1 Introduction

In steel structures, such as nuclear plants, chemical plants, and large ships, thick plates are used. In the construction of those structures, multi-pass welding is used. However, in welded structures, residual stress occurs near the weld metal and can cause stress corrosion cracks [1, 2] and fatigue cracks [3, 4]. However, it is very difficult to evaluate the residual stress of complex weld joints such as multi-pass welded joints.

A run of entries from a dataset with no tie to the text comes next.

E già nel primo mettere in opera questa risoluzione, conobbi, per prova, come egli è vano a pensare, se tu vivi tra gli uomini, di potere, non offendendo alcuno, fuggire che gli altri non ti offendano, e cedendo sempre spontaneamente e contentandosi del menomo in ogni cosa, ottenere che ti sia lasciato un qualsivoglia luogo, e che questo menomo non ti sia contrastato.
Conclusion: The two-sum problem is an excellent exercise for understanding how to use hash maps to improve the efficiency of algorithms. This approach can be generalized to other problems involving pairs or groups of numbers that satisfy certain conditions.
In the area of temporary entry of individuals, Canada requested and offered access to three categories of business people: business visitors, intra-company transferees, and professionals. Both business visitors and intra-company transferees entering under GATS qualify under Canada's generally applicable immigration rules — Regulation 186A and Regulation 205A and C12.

Therefore, it is desirable to investigate the residual stress of weld joints in advance by using a numerical simulation.

Currently, nonlinear FEM based on thermal elastic-plastic theory is generally used to predict the welding residual stress [57]. In nonlinear FEM, it is necessary to consecutively simulate welding deformation and stress from the beginning of heating to complete cooling. Therefore, tremendous calculations are necessary in nonlinear FEM and then the computing time is a problem.

To carry out a large-scale analysis of welding residual stress in practical problem, the authors developed the idealized explicit finite element method (IEFEM) [8]. IEFEM is based on dynamic explicit FEM [9]. The accuracy of IEFEM is almost the same as the existing method (static implicit FEM), and IEFEM requires shorter computing time and less memory consumption [8, 10].

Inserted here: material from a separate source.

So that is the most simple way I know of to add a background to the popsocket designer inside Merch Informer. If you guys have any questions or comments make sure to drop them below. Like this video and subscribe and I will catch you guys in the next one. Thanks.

In this research, parallelization using a graphics processing unit (GPU), which is now gaining attention as a high-performance parallel processor [11], is applied to IEFEM to achieve even faster computation. Then, parallelized IEFEM is applied to the multi-pass welding of V-groove pipe joint. The analysis considers a three-dimensional moving heat source to show the applicability of IEFEM to large-scale problems.

2 Theory of IEFEM

In IEFEM, the analysis progresses by the following procedures 1, 2, and 3 based on dynamic explicit FEM. The procedures are also shown in Fig. 1.

Fig. 1
figure 1

Concept of idealized explicit FEM

  1. 1.

    A load increment is given and the load is held.

  2. 2.

    The displacement is calculated based on the basic equation of dynamic explicit FEM shown in Eq. (1) until the static equilibrium state is obtained.

  3. 3.

    If the static equilibrium state is obtained, procedure 1 is iterated to give a new load increment.

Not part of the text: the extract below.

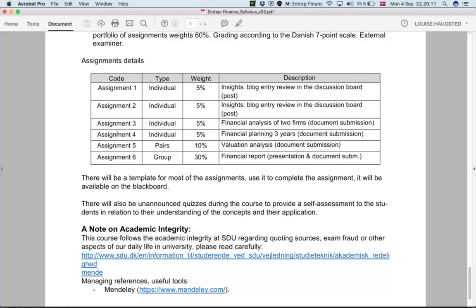Assignment five can be done in pairs — you don't need to do it individually. Here you take a company already in the stock market and try to understand how the current stock market valuation compares to the valuation you would arrive at by looking at their financial statements.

    $$ \left[M\right]{\left\{\ddot{U}\right\}}_t+\left[C\right]{\left\{\dot{U}\right\}}_t+{\displaystyle \sum_{e=1}^{N_e}{\displaystyle {\int}_{V^e}{\left[B\right]}^T\left\{\sigma \right\}dV}}={\left\{F\right\}}_t $$
    (1)

    where, [M], [C], [B], and {σ} are the mass matrix, damping matrix, strain-displacement matrix, and stress vector, respectively, and {Ü} t , \( {\left\{\dot{U}\right\}}_t \), {U} t , and {F} t are the acceleration vector, velocity vector, displacement vector, and load vector at time t, respectively. V e is the volume of element e and N e is the number of elements.

The calculation of displacement in dynamic explicit FEM is performed by Eq. (2), which is obtained by the central difference of the acceleration and the velocity terms in Eq. (1).

$$ \left(\frac{1}{\varDelta {t}^2}\left[M\right]+\frac{1}{2\varDelta t}\left[C\right]\right){\left\{U\right\}}_{t+\varDelta t}={\left\{F\right\}}_t+\frac{2}{\varDelta {t}^2}\left[M\right]{\left\{U\right\}}_t-\left(\frac{1}{\varDelta {t}^2}\left[M\right]-\frac{1}{2\varDelta t}\left[C\right]\right){\left\{U\right\}}_{t-\varDelta t}-{\displaystyle \sum_{e=1}^{N_e}{\displaystyle {\int}_{V^e}{\left[B\right]}^T\left\{\sigma \right\}dV}} $$
(2)

where Δt is the time increment.

Here, if it is assumed that mass matrix [M] and damping matrix [C] are diagonal matrices, Eq. (2) is no longer a simultaneous equation and the computing time and memory consumption become very small. However, in the process to obtain the static equilibrium state by using dynamic explicit FEM in procedures 2 and 3, a large number of time steps is required due to the Courant condition, shown in Eq. (3), for the ordinary mass and damping matrix, which are based on physics.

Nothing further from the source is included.